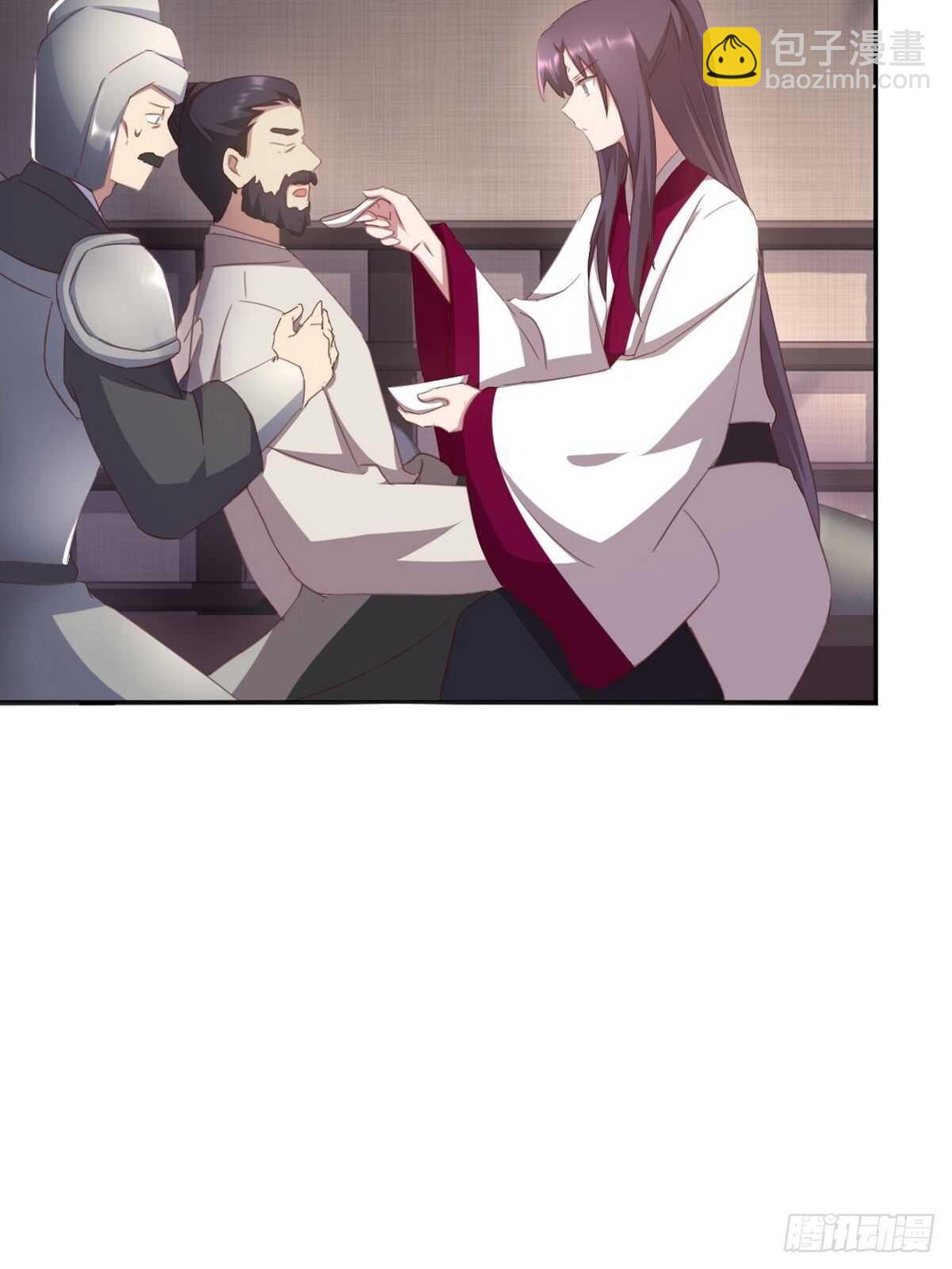 第176话 医者仁心27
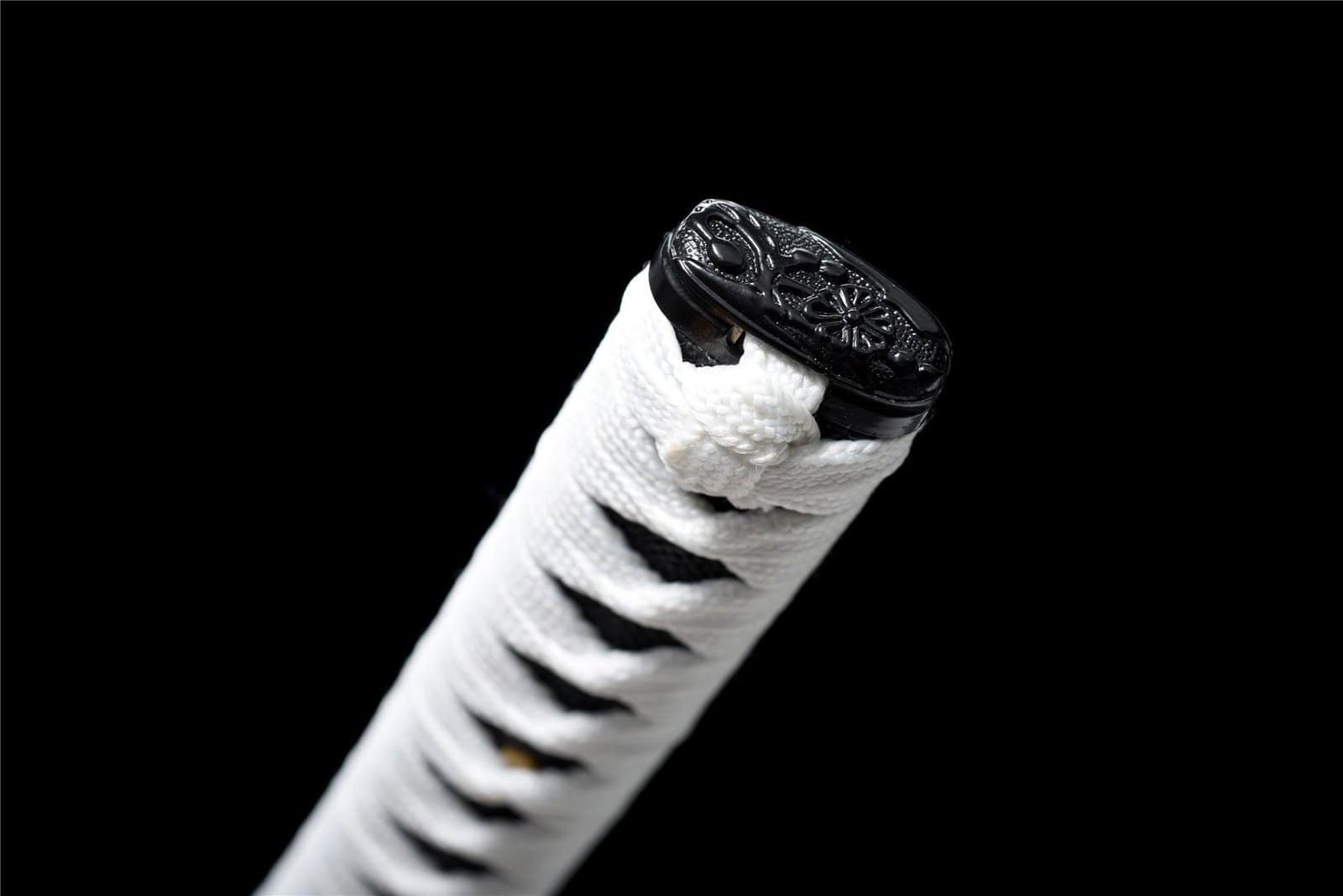 Sabre Ghost Of Tsushima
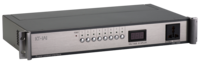 电源控制器  CPC-830I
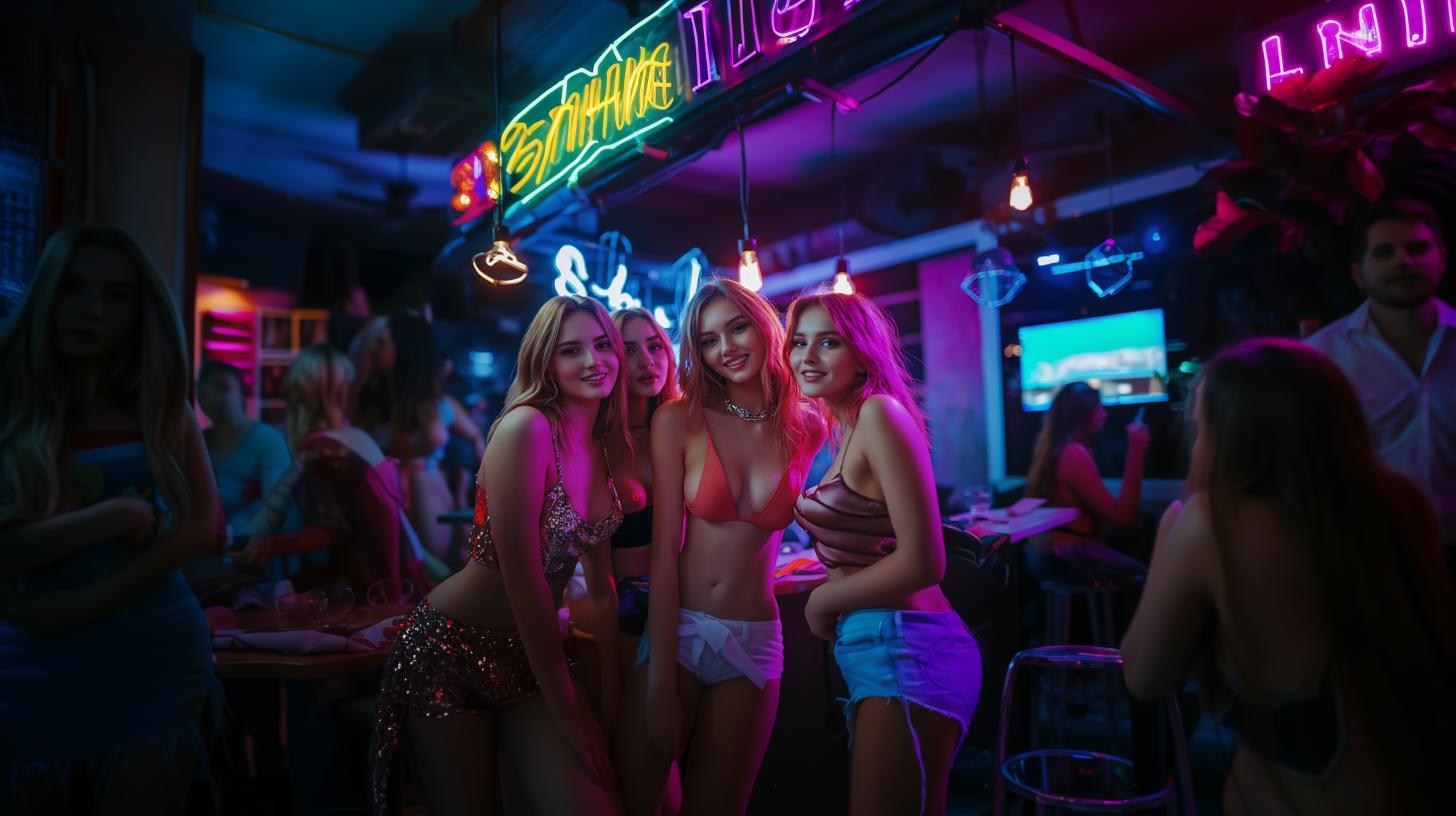 Знакомства в России на сайте Слинк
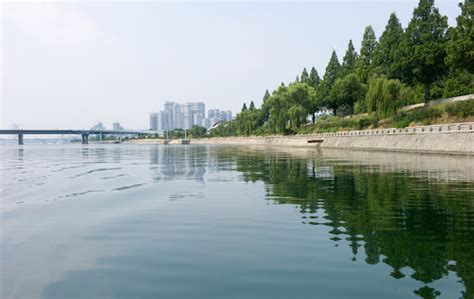 Daedong River (Taedong River), Pyongyang | DestiMap | Destinations On Map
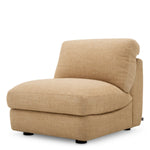 Chair Alden Renato honey 100% polyester Chairs & Sofas A119399 2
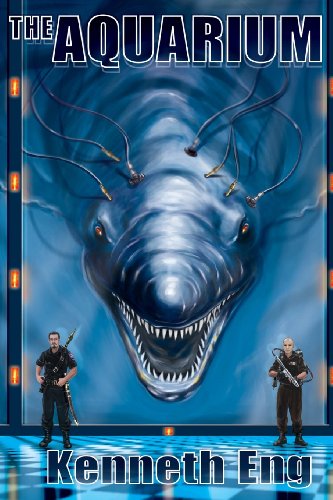 The Aquarium - Click to Buy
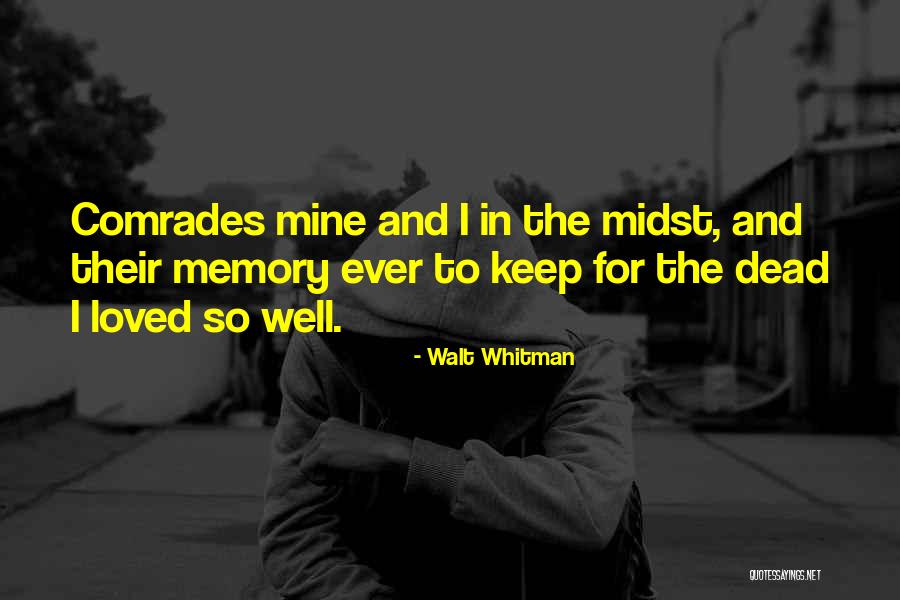 Walt Whitman Quotes 1542888 Walt Whitman Quotes 1542888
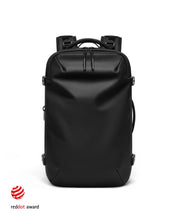 Zephyr Pro 60L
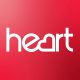 Heart 96.3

◆ ◆ ◆ ◆ ◆

Only the lines from the line with "The Aquarium - Click to Buy" through the end of the entries above, copied exactly and with both ends included, belong in the response; the pictures do not.

**Exercise solution**.
 The Aquarium - Click to Buy
 Walt Whitman Quotes 1542888 Walt Whitman Quotes 1542888
 Zephyr Pro 60L
 Heart 96.3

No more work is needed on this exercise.